Wpis z mikrobloga

Bardzo często spotykam się z komentarzami różnych ludzi, że chcieliby zobaczyć czarnobiałą twarz putina na pierwszych stronach gazet. I o ile informacja o tym, że ten morderca w końcu się przekręcił brzmiałaby fajnie, to wcale by tak nie było. Przynajmniej narazie.

Śmierć putina oznaczałaby jako taki świeży nowy start dla rossji. A przynajmniej byłby to taki pretekst dla krajów, które tylko czekają, aby wznowić wszelkie przyjacielskie stosunki z tym krajem, bo pieniążki nie śmierdzą. W końcu prowadzona jest na szeroką skalę nieprawdziwa narracja, że to wojna samego putina, a nie rossjan, więc skoro putin kaput, to nowy przywódca może szybciutko się wycofać, przeprosić, a kraje takie jak Niemcy będą mogły na spokojnie wrócić do przerwanych w lutym biznesów.

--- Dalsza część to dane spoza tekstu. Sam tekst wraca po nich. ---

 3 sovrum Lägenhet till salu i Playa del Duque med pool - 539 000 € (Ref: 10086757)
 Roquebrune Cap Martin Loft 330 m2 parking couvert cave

Jak to jednak się skończy można się spodziewać. Nowy przywódca wiedząc już w jakim stanie jest rossyjskie wojsko może zwyczajnie je odbudować i zmodernizować. Nawet jeśli zrobią to znowu po swojemu, to jednak taki kraj ma dużo kasy ze sprzedaży surowców, mają dużo rządnych krwi ludzi z wypranymi mózgami, więc za X lat nic nie będzie stało na przeszkodzie, żeby znowu napaść na Ukrainę, czy inny kraj tym razem z lepszym przygotowaniem, co mogłoby się skończyć zupełnie inaczej niż jest obecnie.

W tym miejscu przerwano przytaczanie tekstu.